Hemos proclamado a los cuatro vientos que la esperanza del futuro radica en los jóvenes, sean éstos estudiantes de ESO, de Bachillerato o de Universidad, investigadores, doctorandos o acumuladores de másters. Si no observan un claro futuro inmediato (porque los jóvenes tienen siempre prisa) su inquietud puede fácilmente convertirse en ira y en el rechazo a una sociedad que ni les apoya ni, creen, les entiende. A nadie le conviene una imagen de España crispada y una juventud acosada. Los responsables políticos deben tomarlo en consideración, porque la violencia –aunque legítima– no engendra sino otra espiral de violencia. La verdad es que no tenemos mucho que ofrecer, víctimas también de una crisis que pocos entienden, no se explica bien y nadie sabe cómo atajar. La juventud tuvo durante el franquismo, pese a vivir peor, la esperanza del cambio, pero las fuerzas políticas de hoy no hacen sino lanzar malos augurios. Decir la verdad no ha de impedir apuntar algunas ilusiones. Tal vez quienes ya han sido desbordados por los años desconfíen de cualquier invento, pero a la juventud hay que ofrecerle un camino, la posibilidad de que, con esfuerzo, aunque no sin sacrificios, logre asentarse en el éxito del consumismo que hemos entronizado. Conviene cultivar el futuro que ha de ser el de nuestros hijos y nietos. Para ellos –según les hemos instruido– no hay otra cosa que la educación, que ha de permitirles el ascensor social. Si falla el mecanismo, la pirámide, cuya base es ya clase media, se derrumba. No le conviene a este país acogotar a los jóvenes, mostrarles los signos de la fortaleza que posee el estado, al que hemos dado nuestro apoyo con muy pacíficos votos.
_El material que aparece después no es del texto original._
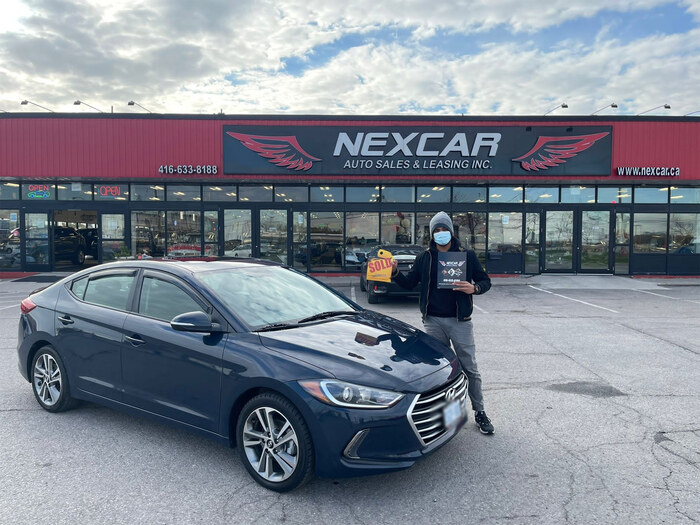 Happy owner of a used Hyundai Elantra! Happy Client Photo 2 of Nexcar Auto Sales & Leasing 1235 Finch Ave West - Photo 26 of 77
El espectáculo de Valencia no fue edificante. Hay muchos elementos de nuestra vida cotidiana que tampoco lo son. Rajoy prometió cambios necesarios y hasta más cambios. Tal vez el país necesite acomodarse a otro tiempo, a un mundo globalizado que no explican, a unas fuerzas sociales que se transforman. No estamos en el ya pasado siglo XX y mucho menos en el XIX, del que, mal que nos pese, procedemos. Nos hemos diluido en una clase media dominante y nadie –ni siquiera los residuos de IU– aluden ya al extinto proletariado. Parece como si retrocediéramos, sin ser muy conscientes de ello, a otra conformación social, donde, desaparecidos artesanos, agricultores y trabajadores de pequeñas empresas, la población se unificara en una amplia capa media (más alta o baja) y una minoría de grandes capitalistas, quienes conforman el temible mercado, que nos trae de cabeza. Suponen los jóvenes y sus padres que la posibilidad de ascensión social reside en la Enseñanza. No es del todo cierto, pero así lo hemos vendido. Por consiguiente, no hemos de extrañarnos que cuando ésta se debilita poco a poco hasta la extenuación –y en la pública resulta más visible– se sientan agredidos y reaccionen como es de suponer y tal vez de desear. Nadie confiaría en una juventud demasiado conformista. No habrá futuro en este país si no somos capaces de entender la ira juvenil, aunque deba manifestarse sin violencia, mas no conviene atajarla: es la necesaria espita. Esta crisis está resultando más que una crisis. Los jóvenes no observan soluciones. Tampoco nuestra clase dirigente. Ni siquiera Europa ha resultado ser lo que pensábamos.